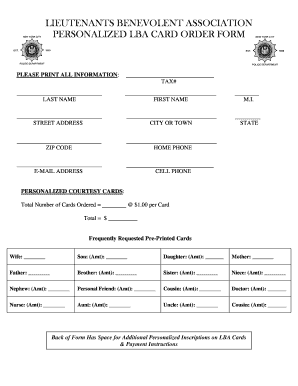 Lba Nypd  Form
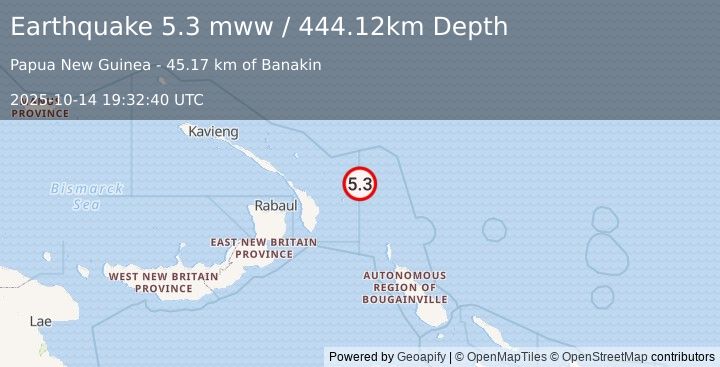Earthquake 206 km ENE of Kokopo, Papua New Guinea (5.3 mww) (2025-10-14 19:32:40 UTC)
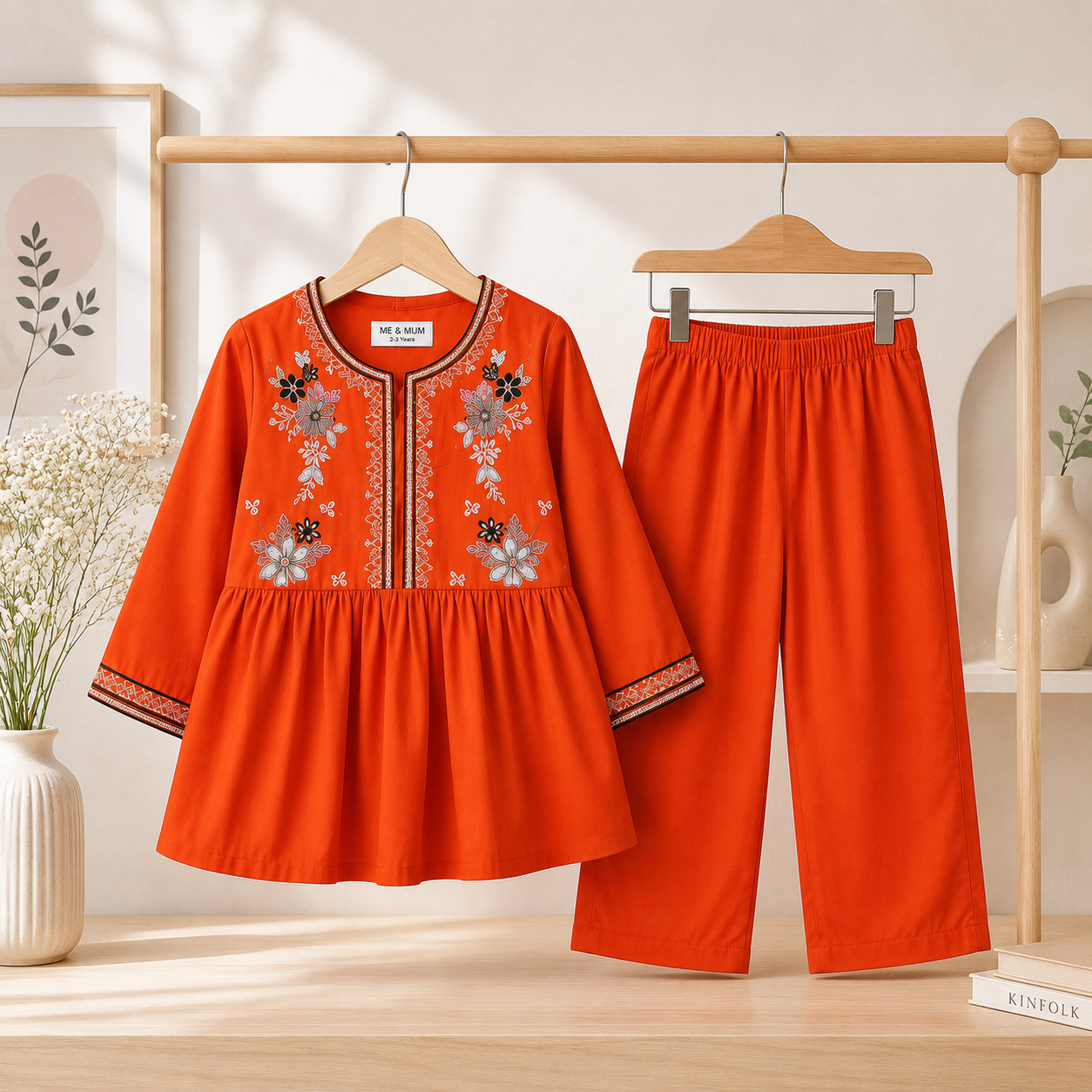 Girls Rust Orange Embroidered Kurta with Trousers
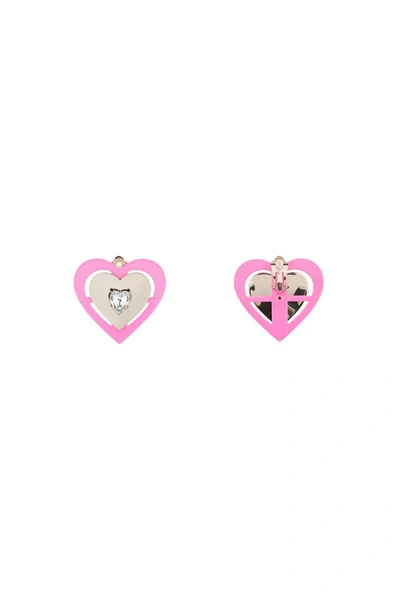 Shop Safsafu Saf Safu 'pink Neon Heart' Clip-on Earrings In Multicolor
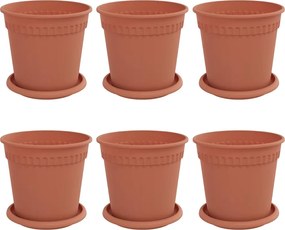 vidaXL Γλάστρες φυτών 6 pcs Κεραμιδί Ø 17 x 14 εκ Πλαστικό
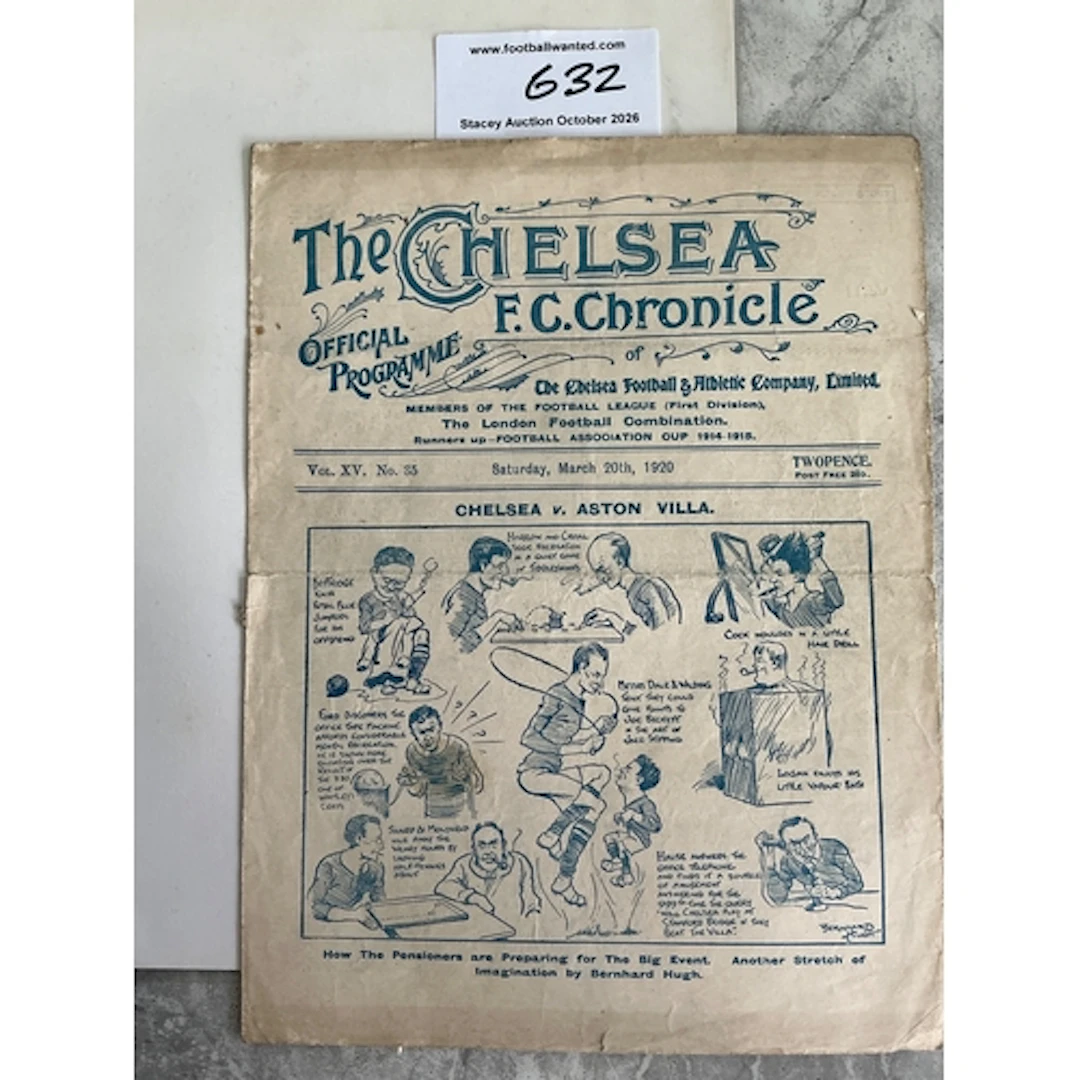 1919 - 1920 Chelsea v Sheffield Wednesday Football Programme...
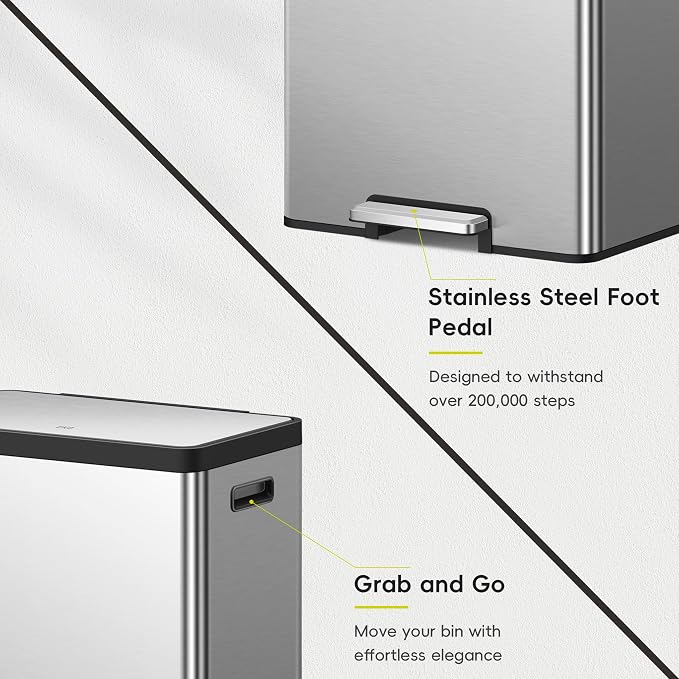 EKO EcoCasa II Rectangular Kitchen Step Trash Can, 20L+20L Dual Compartment - Image 6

**AIM OF THE EXERCISE**
Where an entry holds a picture, leave the picture out and output the rest exactly.

**THE COMPLETED TASK**
 Lba Nypd  Form
Earthquake 206 km ENE of Kokopo, Papua New Guinea (5.3 mww) (2025-10-14 19:32:40 UTC)
 Girls Rust Orange Embroidered Kurta with Trousers
 Shop Safsafu Saf Safu 'pink Neon Heart' Clip-on Earrings In Multicolor
 vidaXL Γλάστρες φυτών 6 pcs Κεραμιδί Ø 17 x 14 εκ Πλαστικό
 1919 - 1920 Chelsea v Sheffield Wednesday Football Programme...
 EKO EcoCasa II Rectangular Kitchen Step Trash Can, 20L+20L Dual Compartment - Image 6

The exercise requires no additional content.